One Arcade feature that has incited debate in the past is our username policy--real, full names only.Passage des Panoramas, Paris, 1910; source: Wikimedia This policy puts into practice the theory that academics should be able to think in public and stand behind their ideas, even the ones they formulate on the fly. Here's how Dan Cohen puts it in the above-mentioned post:
Another factor that has distanced professors from blogs was anonymity. Most early blogs, and especially the ones the media liked to cover, were anonymous or pseudonymous. But I would say that the vast majority of new blogs are clearly attributed (even if they have odd monikers, unlike the boring dancohen.org). Attribution and its associated goods, such as responsibility and credit, should make academics feel better about the genre.
Responsibility and credit sound great, and reassuringly academic. I've certainly come out in favor of responsibility and credit in the past. Yet as Marilee Lindemann points out in the Journal of Women's History, eschewing anonymity is gendered (among other things), not neutral. Moreover, Lindemann observes, less authoritative genres like blogging are often the scene of anonymity precisely because they are the places where the disempowered--those who need to be anonymous, for one reason or another--have access to authorship.
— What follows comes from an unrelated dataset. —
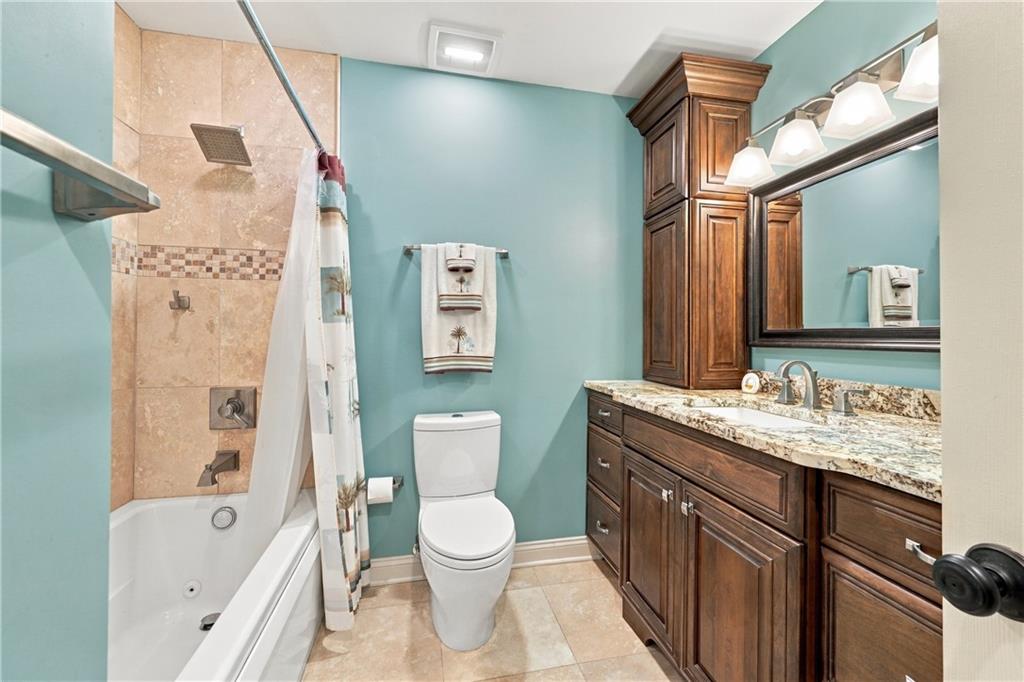 1703 Ne 77 Street Property Photo 17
For these reasons, she celebrates the construction of pseudonymous online identities:
There is a lot of Emily Dickinson in this postmodern Madwoman, playing fast and loose with identity, reveling in the space opened up by declaring oneself a delighted "Nobody" rather than a dreary "Somebody." Dickinson offers the Madwoman more than lessons in the ironies of non-identity, however. With her homemade books and the hundreds of poems circulated to an audience of intimates, she also provides an enabling example of self-publication. Dickinson's careful insistence to Thomas Higginson on the distinction between "print" and "publish" ("I had told you I did not print," she writes, when she wants to explain to him that "A narrow fellow in the grass" appeared in a Boston newspaper without her knowledge or consent) has new resonance in the postprint era that brought today's academic feminist bloggers into being. (210-2)
Indeed, the post-Web 2.0 tendency toward real names has serious privacy implications, and what seemed like an innocuous enough comment from Cohen in 2006 looks a little more troubling juxtaposed with later pronouncements against anonymity by Mark Zuckerberg and others, which my colleague Aaron Bady has ably demonstrated very frequently amounts to good old-fashioned privilege. Certainly a graduate student is less free to post under her or his real name than is a professor with tenure; ignoring power differentials does not make them go away. In requiring real names, Arcade enforces a particular kind of publicness that is in some ways riskier than print publishing.
How dreary to be somebody!
And yet, it's often as somebodies that we reveal ourselves as scholars and teachers. One of the bees recently in my proverbial bonnet is the notion that students have been misguided into thinking that academic thought is neither applicable to nor motivated by "the real world." It's in blogging that I've found this notion most profoundly refuted, as trivial posts on the minutiae of everyday life eventually link up with larger theoretical concerns, casually strung together by the idiosyncratic tagging taxonomy in my head. The humanities in particular are aimed at developing theoretically supple ways to answer questions that we seriously want answered. I'm not going to lie: when I heard I was going to be an aunt, I went and read Eve Sedgwick's essay "Tales of the Avunculate." (Recommended, by the way.) To me, revealing those connections is part of the point of thinking in public.
Sometimes a glass arcade is more of an "admiring bog"--but that's okay, I think.